■ **TASK OBJECTIVE**
Exactly the lines from the one containing "Araba Motor Kapağı Conta Tamponu" through the one containing "Crime. First thus." in the listing below are to be copied, with the pictures left out.

■ **GIVEN DATA**
==*==

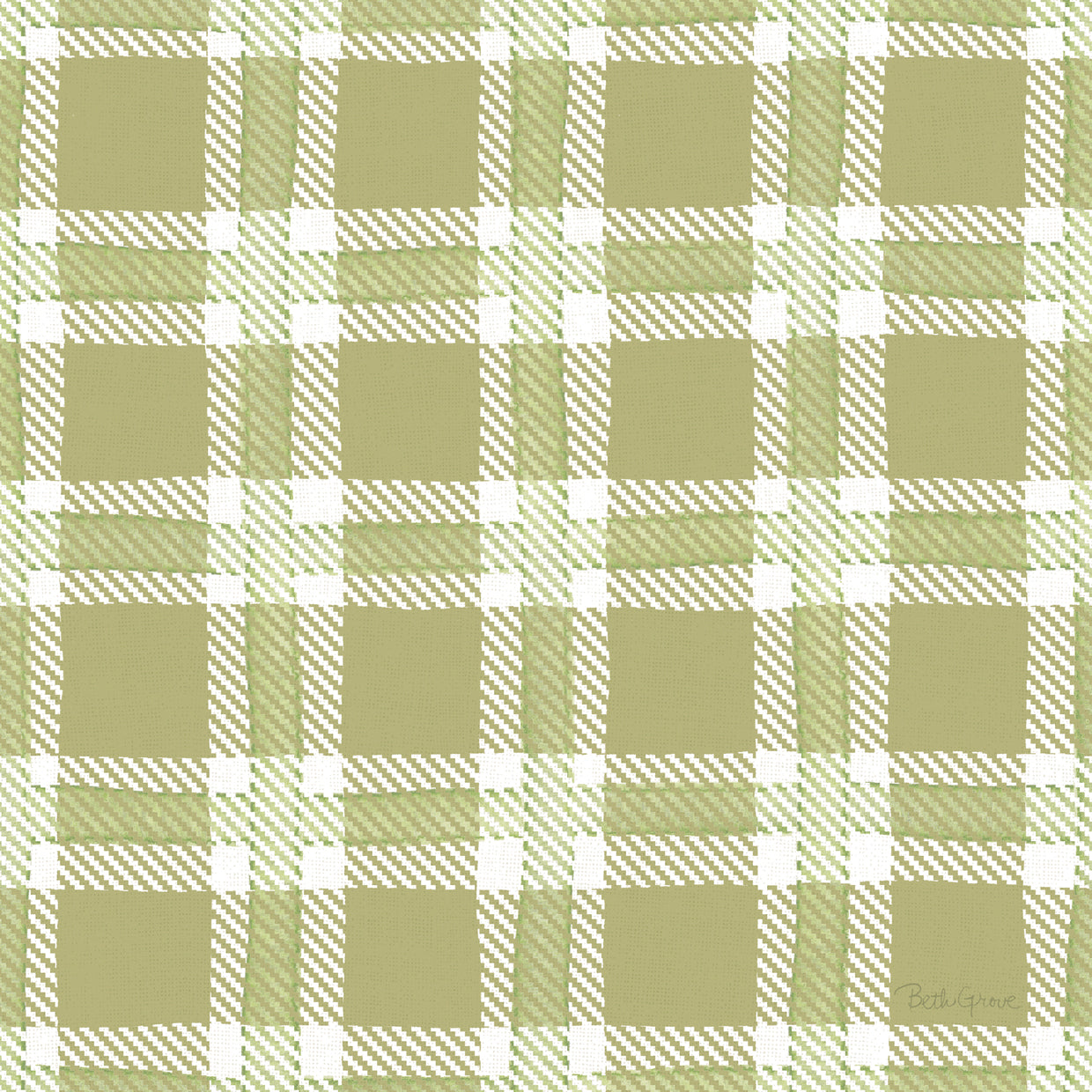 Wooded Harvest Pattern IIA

==*==

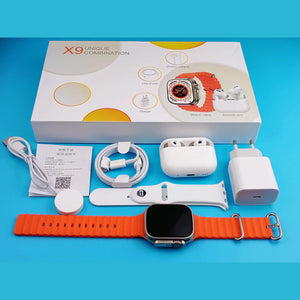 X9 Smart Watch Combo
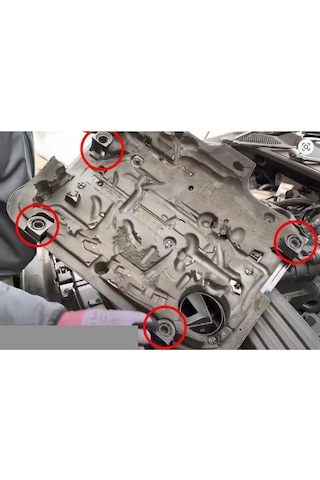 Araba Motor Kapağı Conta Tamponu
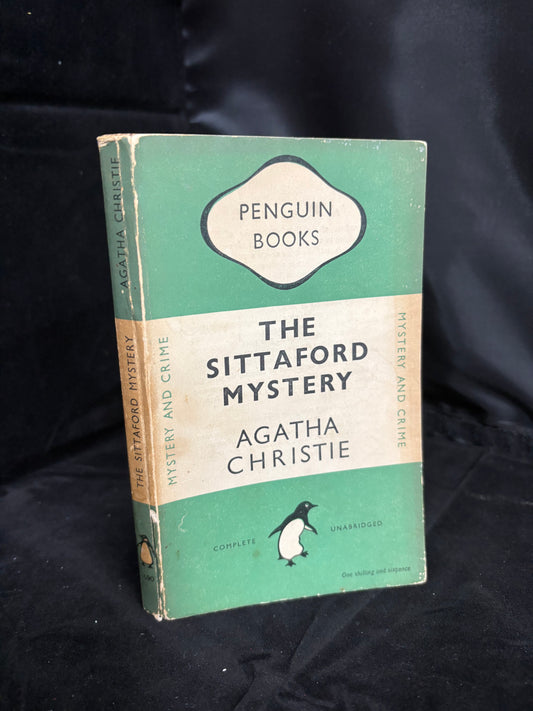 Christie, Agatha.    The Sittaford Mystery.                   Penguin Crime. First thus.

==*==

■ **WORKED SOLUTION**
 Araba Motor Kapağı Conta Tamponu
 Christie, Agatha.    The Sittaford Mystery.                   Penguin Crime. First thus.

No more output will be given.